I think the issue is that we expect all the estimators to be instantiable (or whatever this word is supposed to be :P) w/o any given parameters. But specially in this case, I agree that a default value makes little sense. Or it could be somehow a smart value taken from the data itself, i.e. an auto option.

agramfort · Mar 28, 2019

it would be great to have a better default with some "auto" mode indeed. All sklearn estimators require defaults for (hyper)parameters.

…

jnothman · Mar 29, 2019

Thanks. I prefer your description. We can't change the default like that as it breaks backwards compatibility. I'm okay with deprecating towards making it automatic, or maybe just smaller, by default. I don't know how Auto would work with sparse precomputed graph input.

agramfort · Mar 29, 2019

any pragmatic decision that leads to doc/docstring clarification works for me.

kno10 · Apr 2, 2019

Updated:
the patch now effectively retains the default value of 0.5 for backwards compatibility.
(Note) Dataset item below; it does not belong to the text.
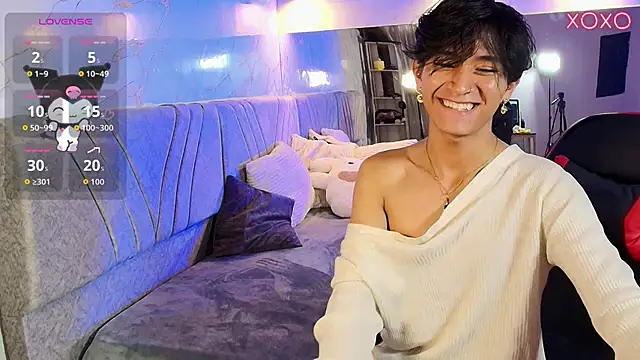 cococumps লাইভ XXX চ্যাট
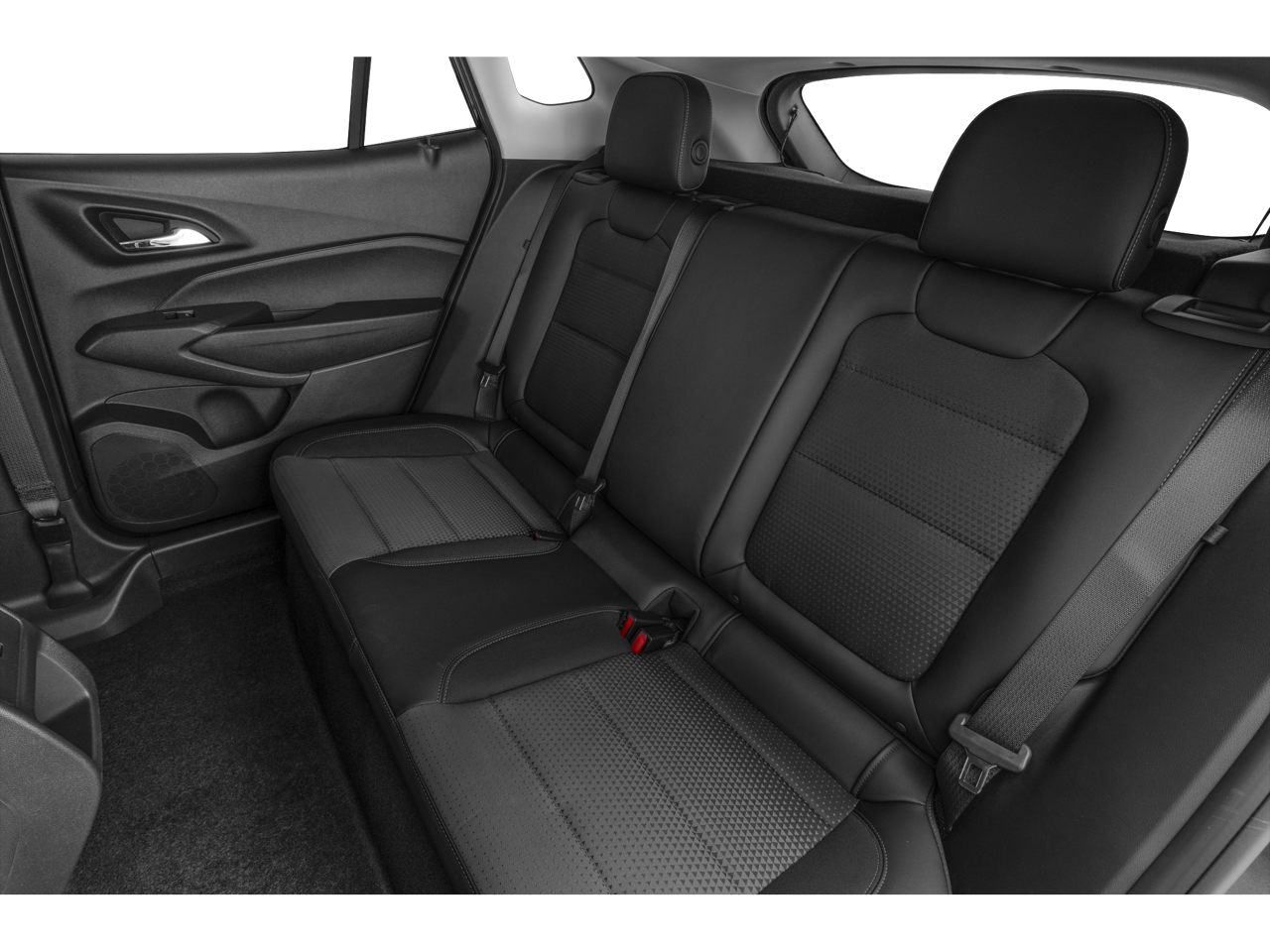 2025 Chevrolet Trax RS - Photo 36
But if the user does not specify eps, a warning will be emitted. Choosing eps=0.5 is enough to quieten the warning, if that parameter actually works for your data set.

The description change is now a separate pull request, #13563

kno10 · Apr 2, 2019

On the long run, a auto mode would supposedly be a good idea.

I'd suggest to look into using the computed neighborhoods for this, as the DBSCAN authors suggested to look into a knee of the (minpts-1)-nearest-neighbor plots. A simple approach could be to use a quantile, such that 1/2 of the data set become core points. This should work for surprisingly many users and data sets. But the current code uses return_distance=False, and performance characteristics may change if distances are computed (the original DBSCAN did not use NearestNeighbors, only aforementioned heuristic does).

qinhanmin2014 · Apr 2, 2019

Maybe we should have a way to tag those parameters whose default value make little sense (e.g., eps in DBSCAN, n_clusters in KMeans). We can raise a self-defined warning when users use the default value of these parameters.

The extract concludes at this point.